To support this approach, venues should become spaces for social themes related to music, encompassing traditional instruments from various cultures. This concept aims to present music inclusively, appealing to a diverse new generation. Collaborating with local communities ensures support for safeguarding living musical heritage. This concept aligns with both the revolutionary ideas from the 1970s that revived interest in HIP, and todays Faro Convention.
In short, music venues must learn to attract new audiences for innovative productions, often with a social focus, breaking boundaries between Western HIP, traditional non-Western music, and contemporary interdisciplinary crossovers. We target the smaller venues, as these usually have more difficulty in exploring new paths. Our objective is to support the creation of a Europe-wide network of music venues which relate to the HIP-scene and which are welcoming innovative and experimental productions. If there is more potential for new innovative production to be staged in various countries, this makes these productions more financially feasible and rewarding too for the ensembles and creative makers. Important, if not essential is that there is interaction created between these productions and local communities, whether from non-Western diasporas or those feeling excluded from traditional venues. Our project aims to help venues in their ability to create such match.
Mission
The challenge is twofold: on one hand, there is waning interest from the existing audience; therefore, we aim to reach a broader and more inclusive public. If this fails, not only will the relevance of music venues dedicated to HIP evaporate, but the livelihood of musicians and skilled technicians specialising in this field will also disappear. Consequently, the living musical heritage, a vital element of European identity, will vanish.
On the other hand, a new generation of creative makers is emerging, including composers, choreographers, designers, light artists, and performing artists such as musicians, dancers, vocal artists, instrument makers, and others. They aim to create productions, often with social significance, targeting a different audience—one that is potentially broader and more inclusive than the current audience that appreciates HIP in its current “civilised” format, which is not socially critical and does not challenge the audience. For the existing audience the more experimental, cross-cultural, interdisciplinary, and multimedia productions that the new generation ensembles want to create, are often not appealing. This may have detrimental financial consequences for the music venue. If productions are not staged by music venues, this is not an incentive for these emerging creative makers to continue that path. Therefore, it is essential to search for new audience which are attracted by these new productions. Moreover, it is highly beneficial to establish across Europe a network of music venues, which do program innovative productions, allowing such productions to tour and reach a continent-wide audience, and, importantly, making these productions financially rewarding for the creative makers and performers.

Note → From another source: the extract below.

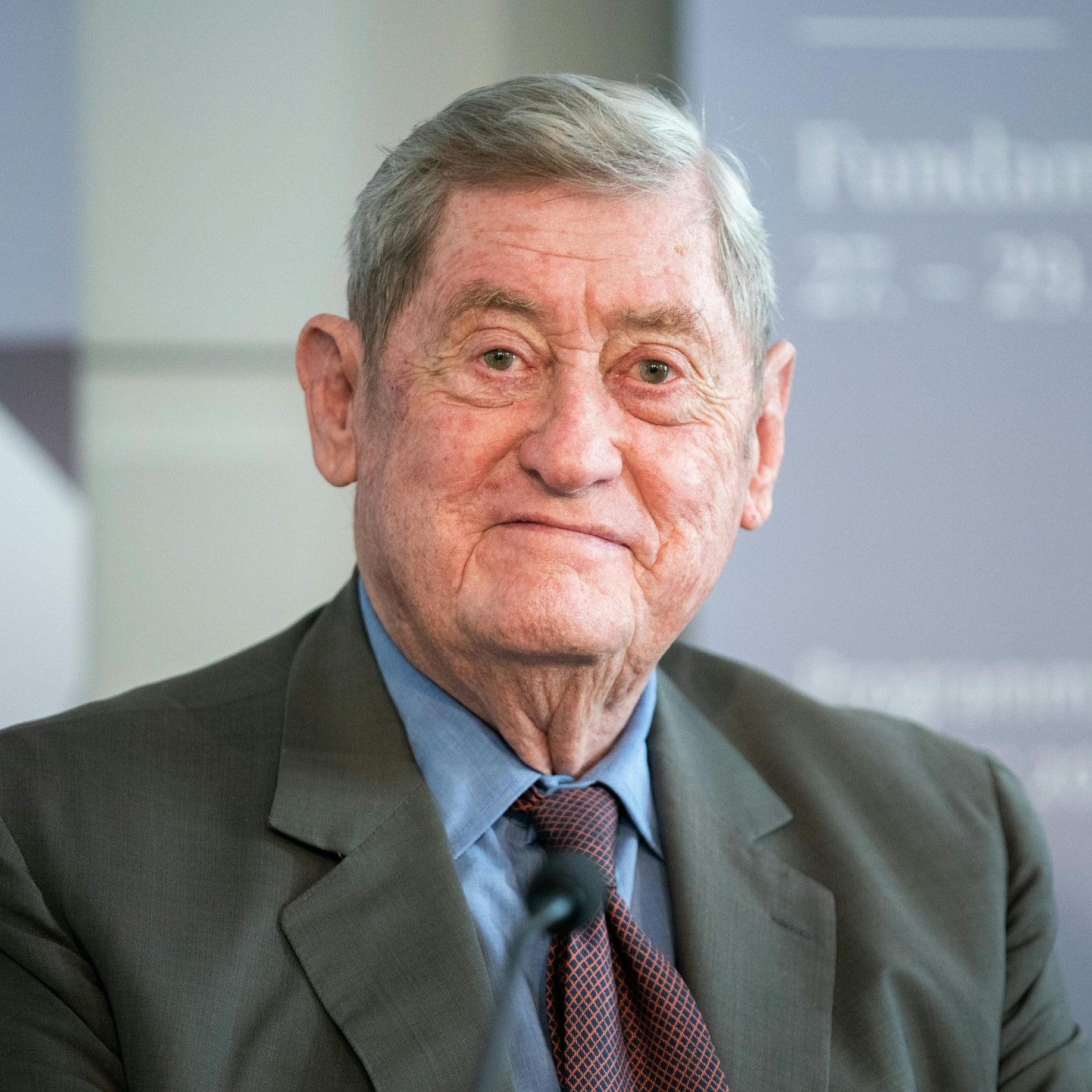 Der Industrielle Hannes Androsch ist im 87. Lebensjahr gestorben.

It is crucial for music venues to establish a match between the productions they program and the audiences, they reach out to. Productions should resonate with and motivate the audience to attend the performance. The music venue acts as a bridge between the production team and the local audience, the local communities in all their diversity, that they aim to reach with the significance of their production. The music venue cannot remain passive in this process. It is an integral part of the production’s success, and, in this sense, the music venue is a co-creator.
Our project aims to support music venues—specifically the small HIP-focused music venues (often in historic locations)—make this shift in their thinking: their policy towards a new audience, specifically an audience encompassing communities with non-Western cultural roots.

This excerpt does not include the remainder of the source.